"Don't tell me anything that he says, not a word!" she shouts. "I won't listen to it. He had the impudence to suggest that my dear Mulli was a—a corn doctor, or something like that."

"Did he?" says Sadie. "I wouldn't have thought it of Pinckney. Well, just to show him that he was wrong, I would put this affair off until you can have a regular church wedding; with invitations, and ushers, and pretty flower girls. And you ought to have a gray-silk wedding-gown—you'd look perfectly stunning in gray silk, you know. Wouldn't all that be much nicer than running off like this, as though you were ashamed of something?"

Say, it was a slick game of talk that Sadie handed out then, for she was playin' for time. But Aunt Tillie was no come-on.

"Mulli doesn't want to wait another day," says she, "and neither do I, so that settles it.

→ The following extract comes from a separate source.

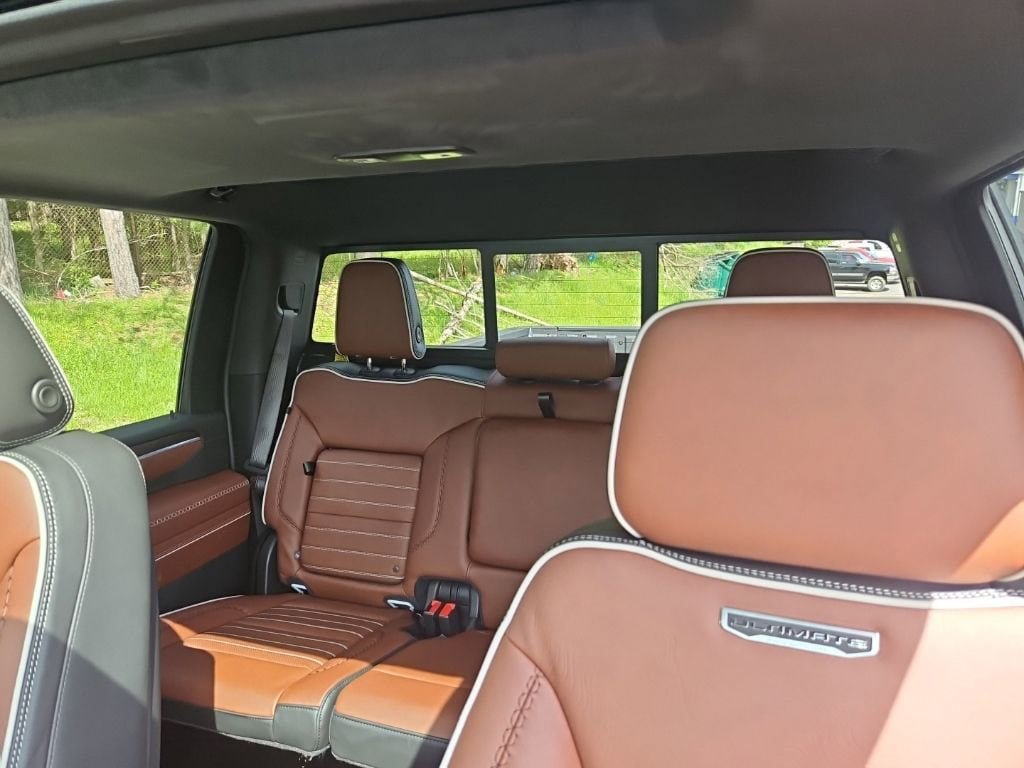New 2026 GMC Sierra 2500 Denali Ultimate w/ Max Trailering Package AWD/4WD image 17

And here comes the rector, now."

"Looks like we'd played out our hand, don't it?" I whispered to Sadie.

"Wait!" says she. "I want to get a good look at the man."

He was trailin' along after the minister, and it wa'n't until he was within six feet of me that I saw who it was.

"Hello, Doc!" says I. "So you're the dear Mulli, are you?"

He near jumped through his collar, Pinphoodle did, when he gets his lamps on me. It only lasted a minute, though, for he was a quick recoverer.

"Why, professor!" says he. "This is an unexpected pleasure."